[ASSIGNMENT] Examine each line of the data. Copy the line if it includes the word "Picture".

BEGIN RECORD SET

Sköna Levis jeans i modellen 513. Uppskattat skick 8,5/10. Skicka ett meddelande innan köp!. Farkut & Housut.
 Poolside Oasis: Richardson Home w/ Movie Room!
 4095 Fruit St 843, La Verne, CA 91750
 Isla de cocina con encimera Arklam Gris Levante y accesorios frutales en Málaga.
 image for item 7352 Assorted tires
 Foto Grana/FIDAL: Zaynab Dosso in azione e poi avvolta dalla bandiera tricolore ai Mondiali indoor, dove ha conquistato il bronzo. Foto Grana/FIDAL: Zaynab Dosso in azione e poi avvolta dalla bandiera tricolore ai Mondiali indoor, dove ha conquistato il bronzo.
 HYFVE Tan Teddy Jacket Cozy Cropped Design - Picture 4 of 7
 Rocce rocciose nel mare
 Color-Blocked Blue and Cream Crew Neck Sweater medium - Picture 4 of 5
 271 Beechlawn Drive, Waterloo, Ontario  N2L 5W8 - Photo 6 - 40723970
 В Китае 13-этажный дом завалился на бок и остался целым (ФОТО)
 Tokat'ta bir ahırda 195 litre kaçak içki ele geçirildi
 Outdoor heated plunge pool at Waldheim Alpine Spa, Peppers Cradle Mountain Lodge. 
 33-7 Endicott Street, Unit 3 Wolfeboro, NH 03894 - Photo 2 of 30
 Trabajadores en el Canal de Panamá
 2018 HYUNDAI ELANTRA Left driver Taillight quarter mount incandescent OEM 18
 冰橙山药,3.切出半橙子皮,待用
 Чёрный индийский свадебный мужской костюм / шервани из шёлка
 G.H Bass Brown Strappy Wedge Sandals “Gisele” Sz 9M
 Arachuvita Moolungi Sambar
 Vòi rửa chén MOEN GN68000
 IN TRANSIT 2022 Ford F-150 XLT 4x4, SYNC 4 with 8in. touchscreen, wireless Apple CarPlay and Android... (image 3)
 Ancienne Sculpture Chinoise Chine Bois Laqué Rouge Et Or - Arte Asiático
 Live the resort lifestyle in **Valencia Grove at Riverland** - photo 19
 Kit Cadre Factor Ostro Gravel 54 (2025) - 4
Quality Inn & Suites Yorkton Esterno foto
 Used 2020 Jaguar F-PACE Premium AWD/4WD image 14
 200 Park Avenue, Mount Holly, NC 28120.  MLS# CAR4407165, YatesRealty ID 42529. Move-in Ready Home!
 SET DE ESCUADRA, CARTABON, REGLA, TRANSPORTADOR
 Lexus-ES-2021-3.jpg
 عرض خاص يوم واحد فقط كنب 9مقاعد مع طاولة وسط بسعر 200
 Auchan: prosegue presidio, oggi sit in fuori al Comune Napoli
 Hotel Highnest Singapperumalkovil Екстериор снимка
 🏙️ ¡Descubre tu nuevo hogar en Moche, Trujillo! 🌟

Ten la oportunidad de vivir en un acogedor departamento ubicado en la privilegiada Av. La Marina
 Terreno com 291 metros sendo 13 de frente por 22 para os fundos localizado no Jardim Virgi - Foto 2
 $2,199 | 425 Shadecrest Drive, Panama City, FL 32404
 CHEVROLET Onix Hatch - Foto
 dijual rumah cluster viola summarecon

END RECORD SET

[TASK OUTPUT]
 HYFVE Tan Teddy Jacket Cozy Cropped Design - Picture 4 of 7
 Color-Blocked Blue and Cream Crew Neck Sweater medium - Picture 4 of 5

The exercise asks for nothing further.